TRIP TO GHANA (4 of 7) – ELMINA AND THE RAT-LIKE SCREAMS

Trip Ghana

HERE IN CAPE COAST,  GHANA, ALONGSIDE THE CANYONS, WITH THE WAVES BREAKING BEFORE ME, I circle around a bit thinking that in this precise spot one of the greatest crimes against humanity have been committed. I do not know why, but my mind turns to the Count of Montecristo. Well, I guess I am thinking about Dumas’ hero as he was imprisoned in a fort with the same characteristics from which he managed to escape and exact revenge. Indeed, the novel’s Castle of If looks rather a lot like Cape Coast.

During lunch I ask Francis where he is going to eat. The chauffeur tells me “no problem”, but then at a certain point, he smiles with one eye closed, mulling it over, and then adds that he would eat something around and about later. Whilst I do not doubt that a great deal of African drivers would prefer to eat more, I have found out that many of them, many Africans if the truth be told, can go the entire day without eating and drinking and still be on top form. At least apparently.

I approach the restaurant that is located just to the side of Cape Coast. I descend by means of a stairwell carved in the rocks with the sea as my witness to the left, and continue along a passageway that leads to a wooden restaurant.

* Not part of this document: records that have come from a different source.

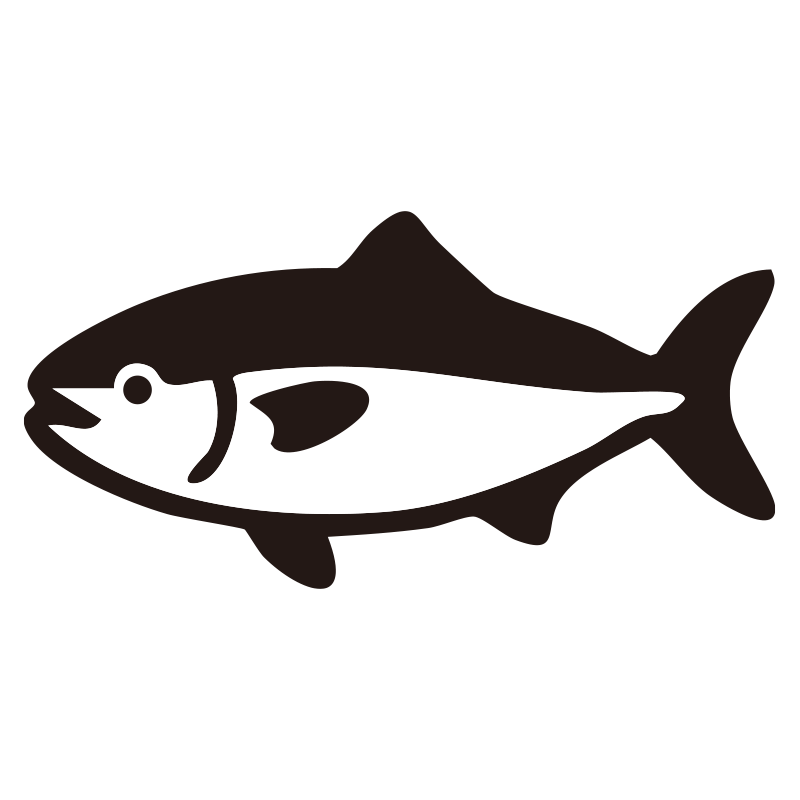 まぐろを描いたシンプルなモノク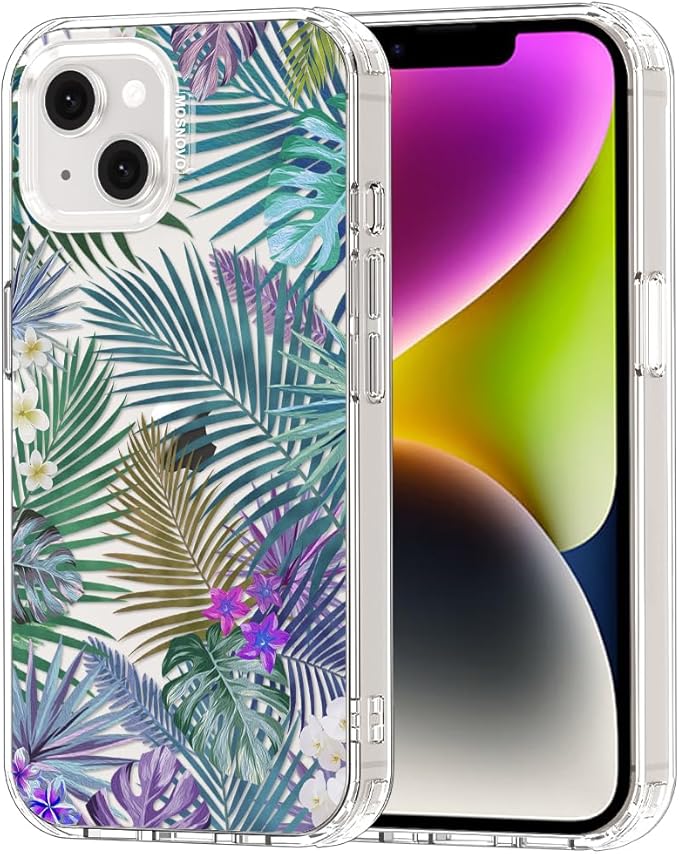MOSNOVO for iPhone 13/14 Case | Military Grade 6.6ft Drop Tested | Clear with Tropical Rainforests Design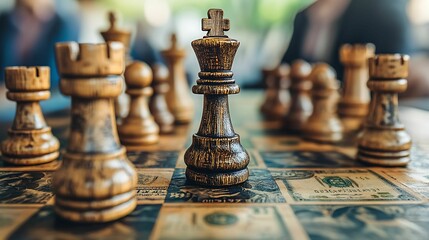Fototapeta premium A close-up of wooden chess pieces on a board featuring a money-themed design, symbolizing strategic decision-making in finance and business.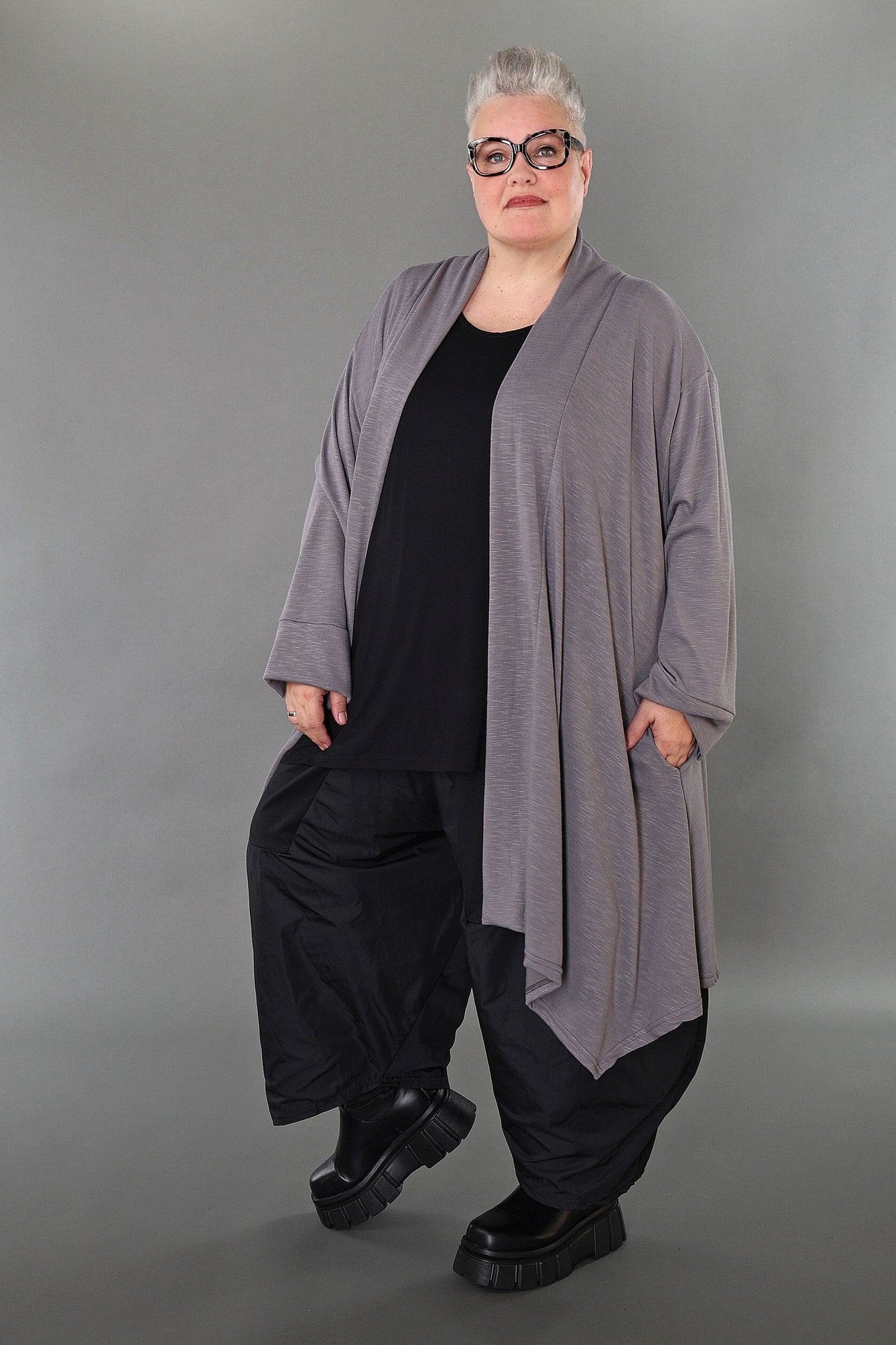 7041 "Celine" Open Cardigan - Grey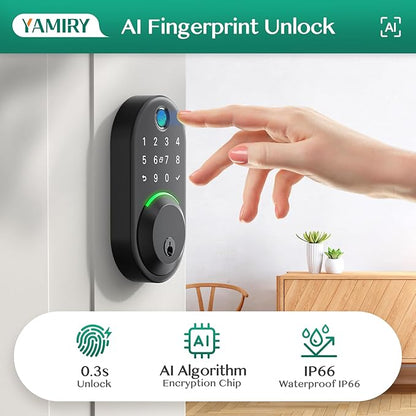 Smart Deadbolt Door Lock with Keypad:Yamiry Fingerprint Keyless Entry Deadbolt,Digital Smart Locks for Front Door,Electronic Code,Easy Installation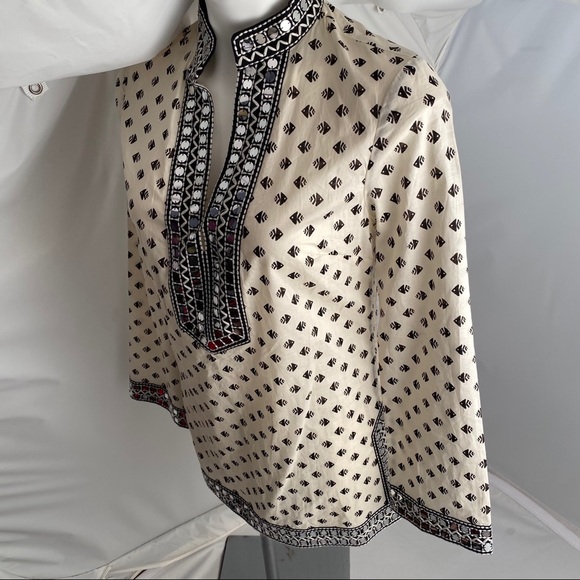 Tory Burch multicolor fish print tunic cream and black 6 - Picture 3 of 15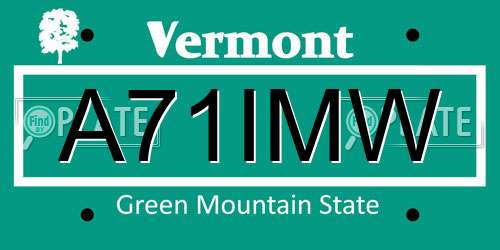 A71IMW Vermont License Plate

At first I try to enjoy the breeze and for that reason I choose the seat closest to the window, but soon the violent scourge of the wind forces me to move a few rows back.

Meanwhile, behind me, a guy in a blue T-shirt and carrying a bag full of threads shouts at me, “Sir, sir, sir”. I am already quite starving so I do not pay him much heed, even though when I sit down a row further back, I can still hear how he insists, now from the beach.

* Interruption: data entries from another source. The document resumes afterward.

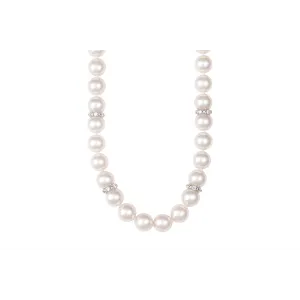 Mikimoto 18K White Gold Akoya Pearl and Diamond Strand Necklace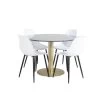 EstelleØ106BLBR Ensemble Table, Table Noir, Marbre Et 4 Polar Chaises Blanc. -Magasin de meubles de restaurant ensemble table et chaise 22191415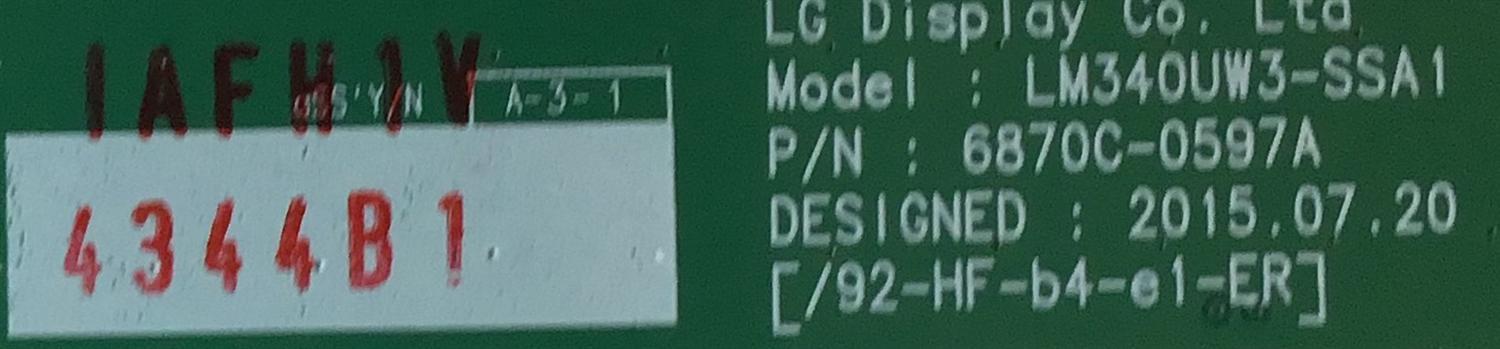 T-CON PARA  MONITOR DELL / 6871L-04344B / 6870C-0597A / 4344B / LM340UW3-SSA1 / PANEL LM340UW3 (SS)(A2) / MODELO U3417WB - Imagen 2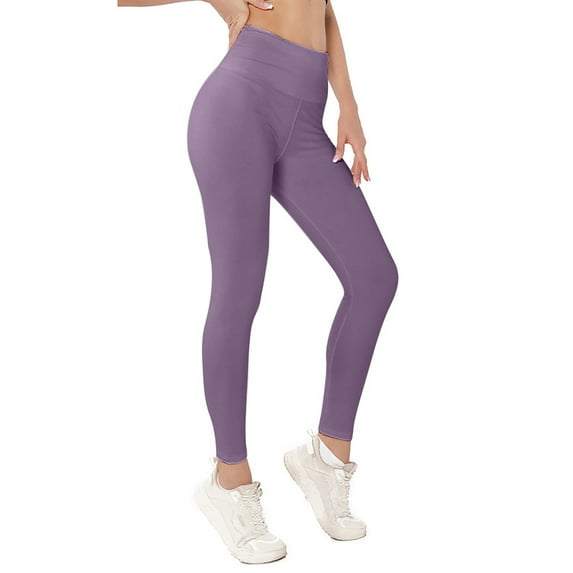 Women's Tight Fitness Yoga Pants Trendy Nude Hidden Pocket High Waist Tummy Control Workout Running Yoga Leggings Purple S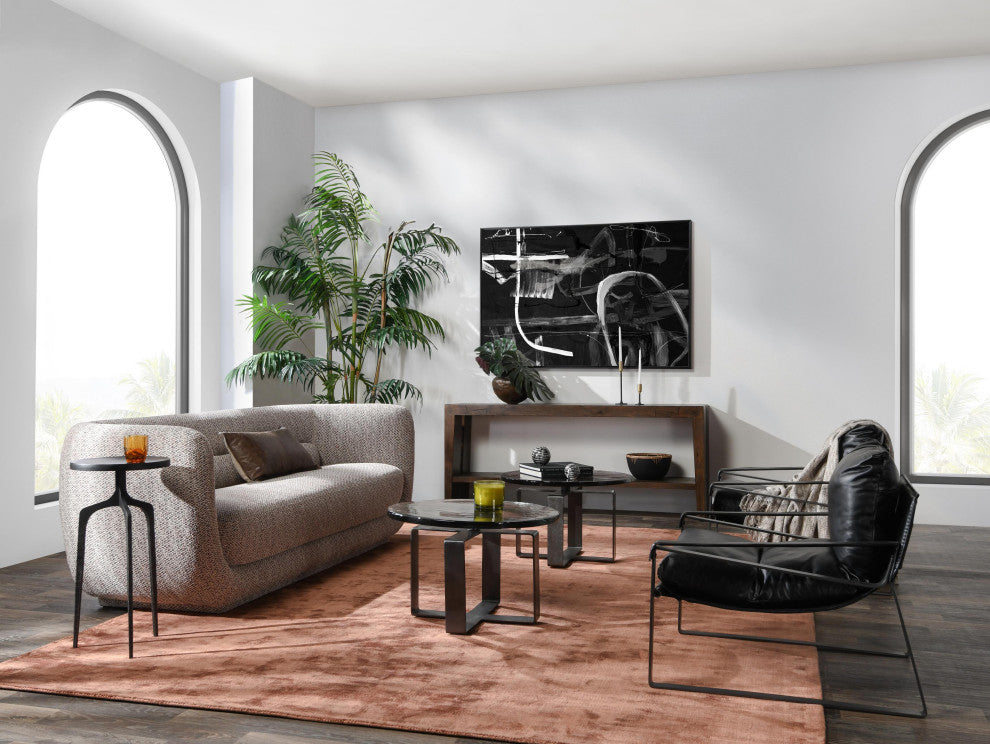 Kosas Home Keith 28" Glass Black Coffee Table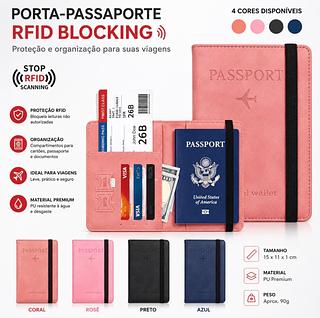￼Capa De Passaporte De Couro Com Proteção Rfid, Capa Para Cartão De Crédito E Cartão Sim De Viagem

The lad annoyingly asks me to spell my name to him, and, out of tiredness, I tell him “C-A-R-L-O-S”.

After this, I try some yam tatties and jollof rice, which is something along the lines of red rice, similar to, although dissimilar to it at the same time, the Spanish paella. Not too far from me, I spot how the waiters cannot avert their gaze from the soap opera on TV. The star of the show is, by the way, a gorgeous half-cast hunk with a goatee beard.

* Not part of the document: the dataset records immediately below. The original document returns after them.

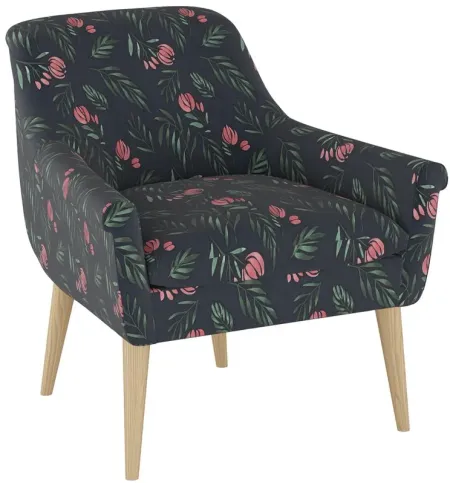 Tait Accent Chair in Debris Floral Navy by Skyline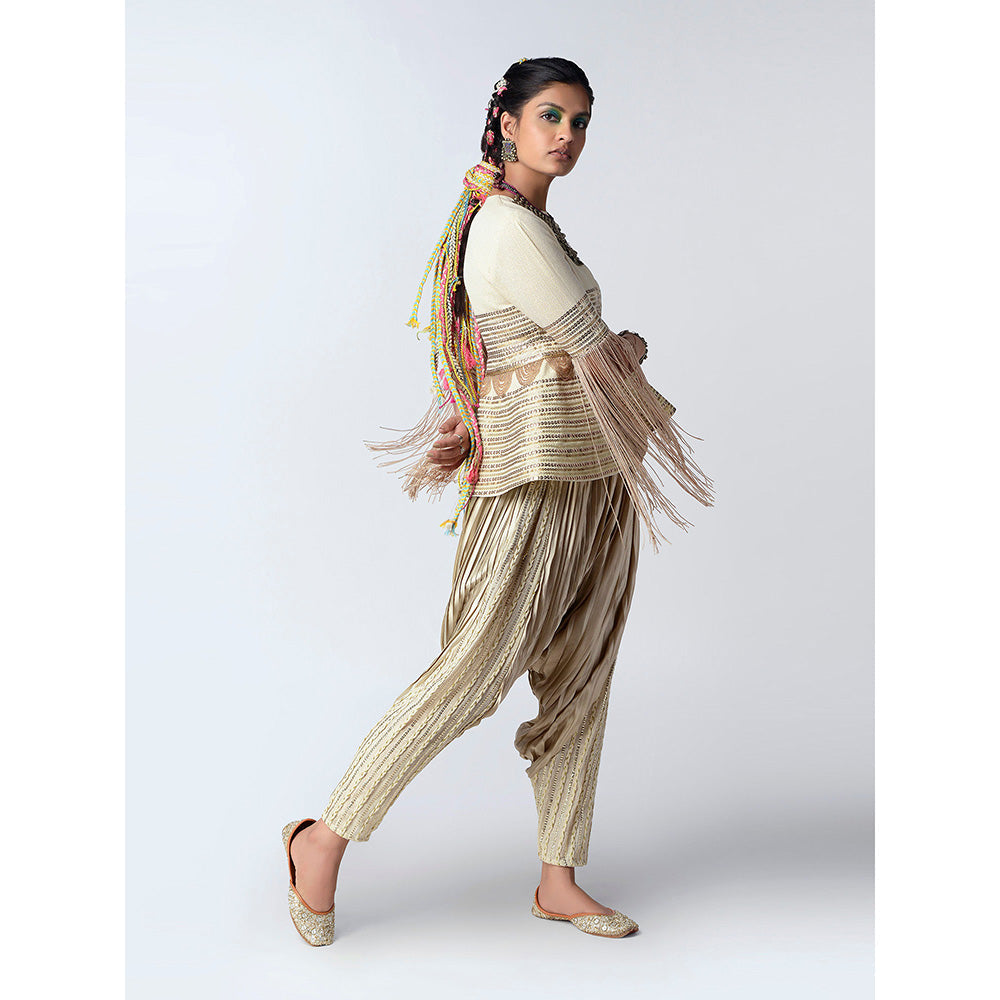 Rishi & Vibhuti Ivory Metallic Runner Top & Dhoti (Set of 2)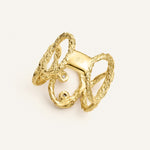 Sonia Folache Anillo Ovalado Gloria Latón bañado en oro de 18k con Tres Circonitas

When I leave the restaurant, the guy in the blue T-shirt once again broaches me and shows me a bracelet with my name embroidered with the colours of Ghana. If I am honest, I really like the look of the bracelet and buy it off him before making haste to Elmina, a village close to Cape Coast, where another important fort is located. As we enter this fishing village, I begin to discover a marvellous city with a crowded market, children playing football, and the sea, the palm trees and, once again, the African local colours, as a backdrop. Indeed, you could quite easily lose yourself in Elmina.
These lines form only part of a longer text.